The Office for National Statistics (ONS) published inflation figures for April 2026 today, which took the markets by surprise in a positive way — at least from the perspective of the fight against inflation. The year-on-year CPI fell to 2.8%, whilst the market consensus had predicted a reading of 3.0% and the March figure stood at 3.3%. This is the lowest CPI level since March 2025, bringing inflation back close to the Bank of England’s 2% target.
Of particular note is the slowdown in core inflation (Core CPI) to just 2.5% year-on-year — the lowest reading since July 2021, well below expectations of 2.6% and significantly lower than March’s 3.1%. Services inflation, a key indicator for the Bank of England, plunged to 3.2% from the previous 4.5%, also beating market expectations of 3.5%. Both these readings open the door to further monetary policy easing by the Bank of England.
Energy bills proved to be the main factor driving down inflation — Ofgem’s reduction of the price cap and government measures aimed at lowering unit costs led to a month-on-month fall of 8.4% in electricity prices and 4.4% in gas prices.
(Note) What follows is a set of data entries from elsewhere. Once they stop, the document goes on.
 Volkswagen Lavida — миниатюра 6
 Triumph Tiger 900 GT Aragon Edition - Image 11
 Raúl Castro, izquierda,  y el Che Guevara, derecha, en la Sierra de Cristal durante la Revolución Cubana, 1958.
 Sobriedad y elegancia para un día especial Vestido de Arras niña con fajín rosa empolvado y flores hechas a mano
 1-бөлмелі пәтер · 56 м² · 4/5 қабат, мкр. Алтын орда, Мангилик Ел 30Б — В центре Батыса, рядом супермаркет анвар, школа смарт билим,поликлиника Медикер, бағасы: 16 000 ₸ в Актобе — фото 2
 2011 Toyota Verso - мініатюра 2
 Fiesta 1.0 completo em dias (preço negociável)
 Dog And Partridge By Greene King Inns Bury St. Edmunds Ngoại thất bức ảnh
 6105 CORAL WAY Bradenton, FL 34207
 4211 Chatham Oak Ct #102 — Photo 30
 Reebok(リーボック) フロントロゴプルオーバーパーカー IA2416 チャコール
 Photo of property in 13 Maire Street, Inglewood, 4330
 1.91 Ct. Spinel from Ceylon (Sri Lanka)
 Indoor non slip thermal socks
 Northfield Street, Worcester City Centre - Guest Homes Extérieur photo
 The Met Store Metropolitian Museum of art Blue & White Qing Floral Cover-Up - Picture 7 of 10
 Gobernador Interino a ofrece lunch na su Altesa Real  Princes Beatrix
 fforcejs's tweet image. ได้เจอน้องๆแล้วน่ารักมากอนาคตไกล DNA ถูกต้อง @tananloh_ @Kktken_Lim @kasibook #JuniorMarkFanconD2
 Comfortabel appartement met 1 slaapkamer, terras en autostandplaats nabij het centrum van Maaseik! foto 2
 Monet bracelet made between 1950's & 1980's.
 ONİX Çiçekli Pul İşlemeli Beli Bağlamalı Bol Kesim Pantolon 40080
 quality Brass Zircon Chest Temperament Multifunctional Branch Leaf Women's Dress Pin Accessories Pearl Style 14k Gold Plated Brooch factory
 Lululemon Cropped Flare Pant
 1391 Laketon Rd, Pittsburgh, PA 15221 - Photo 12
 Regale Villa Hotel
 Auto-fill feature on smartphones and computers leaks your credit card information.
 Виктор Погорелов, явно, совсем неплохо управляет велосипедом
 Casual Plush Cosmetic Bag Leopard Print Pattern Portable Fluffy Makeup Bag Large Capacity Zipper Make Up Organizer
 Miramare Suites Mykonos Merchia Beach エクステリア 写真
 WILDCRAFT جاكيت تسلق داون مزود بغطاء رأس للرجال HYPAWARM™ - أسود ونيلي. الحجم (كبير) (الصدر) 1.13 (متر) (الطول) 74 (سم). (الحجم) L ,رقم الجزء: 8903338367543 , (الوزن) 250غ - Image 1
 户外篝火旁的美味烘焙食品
This was by far the largest negative contributor to the change in the annual CPIH rate between March and April 2026. On the other hand, motor fuels remained a strong pro-inflationary factor — petrol rose by 16.6 pence per litre and diesel by as much as 31.3 pence, reaching their highest levels since November 2022 and July 2022 respectively.
The PPI data are also significant, as they point to rising cost pressures in the supply chain — output producer price inflation jumped to 4.0% y/y against expectations of 3.0%, whilst the PPI Input rose to as much as 7.7% y/y against a consensus of 6.3%. This may mean that some of the cost pressures from the manufacturing sector will be passed on to consumers with a lag in the coming months.
The reaction in the foreign exchange market was clear-cut — the pound sterling weakened significantly following the release of the data, and the GBP/USD pair plunged below the 1.3381 level, breaking through support and forming a candlestick with a long lower shadow. All three EMAs (50, 100 and 200) converged around 1.3394–1.3397, creating a strong resistance zone above current prices. The RSI fell to around 37, signalling increasing selling pressure, though not yet clearly oversold.
The markets have interpreted this data as a green light for the Bank of England to accelerate its cycle of interest rate cuts, which is directly undermining the pound’s appeal.